§ REQUIREMENT
Write out the entries exactly, pictures excluded.

======

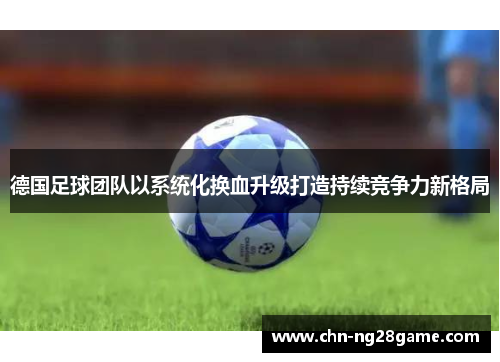 德国足球团队以系统化换血升级打造持续竞争力新格局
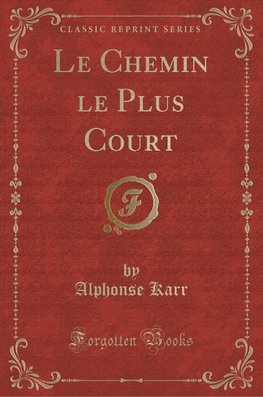 Karr, A: Chemin le Plus Court (Classic Reprint)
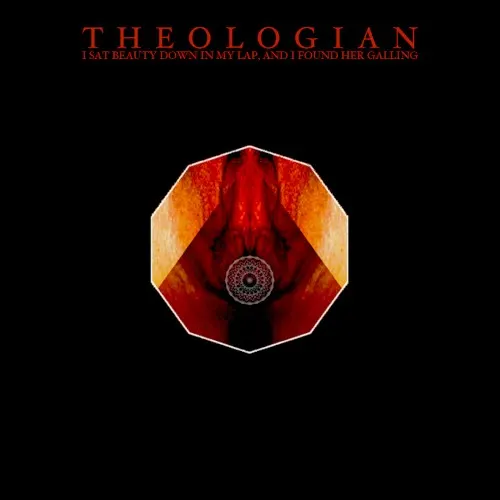 I Sat Beauty Down in My Lap, and I Found Her Galling — Theologian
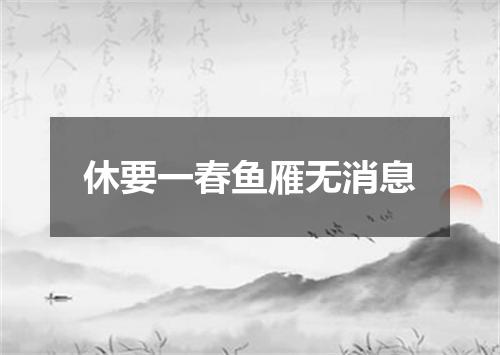 休要一春鱼雁无消息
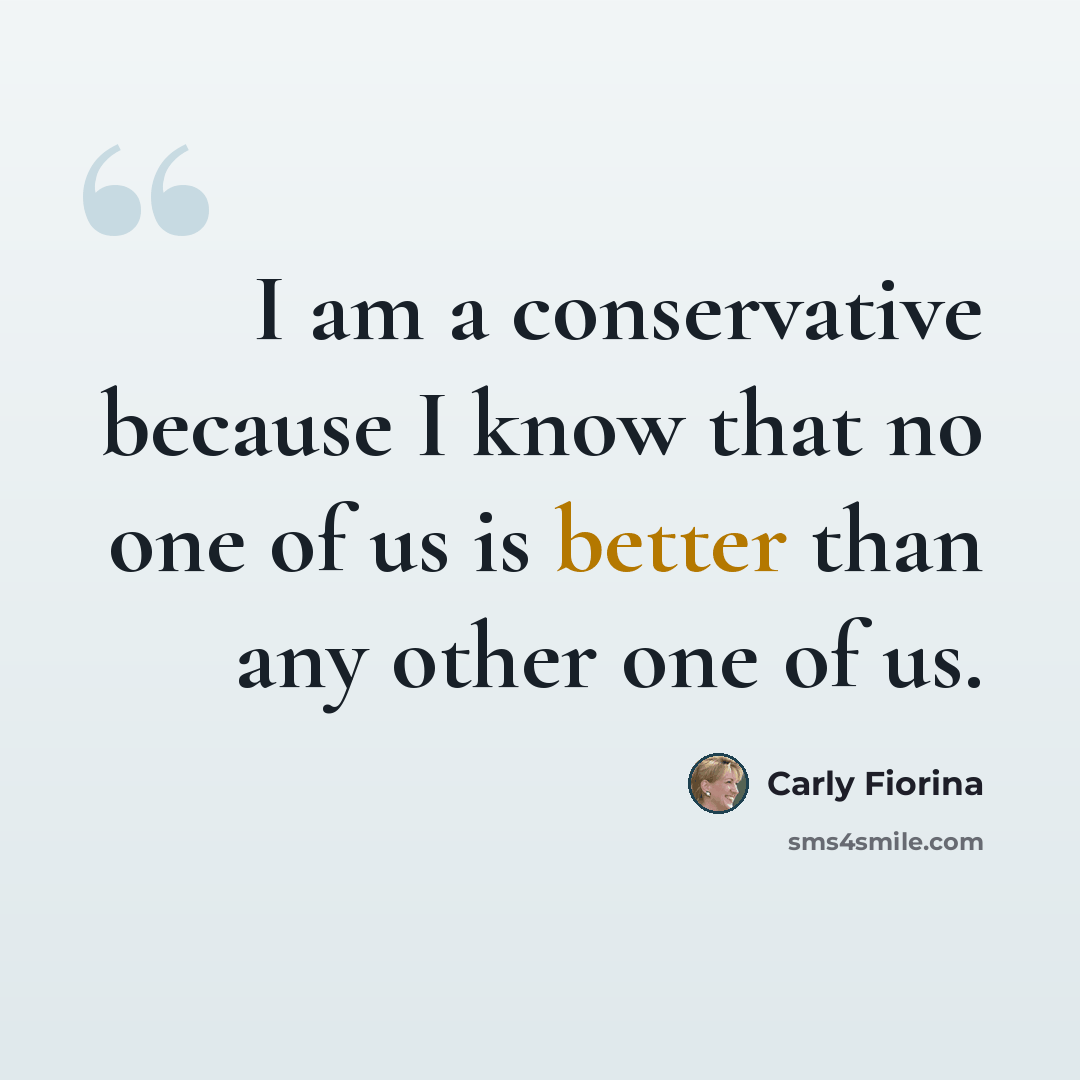 “I am a conservative because I know that no one of us is better than any other one of us.” quote by Carly Fiorina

======

§ OUTPUT OF THE EXERCISE
 德国足球团队以系统化换血升级打造持续竞争力新格局
 Karr, A: Chemin le Plus Court (Classic Reprint)
 I Sat Beauty Down in My Lap, and I Found Her Galling — Theologian
 休要一春鱼雁无消息
 “I am a conservative because I know that no one of us is better than any other one of us.” quote by Carly Fiorina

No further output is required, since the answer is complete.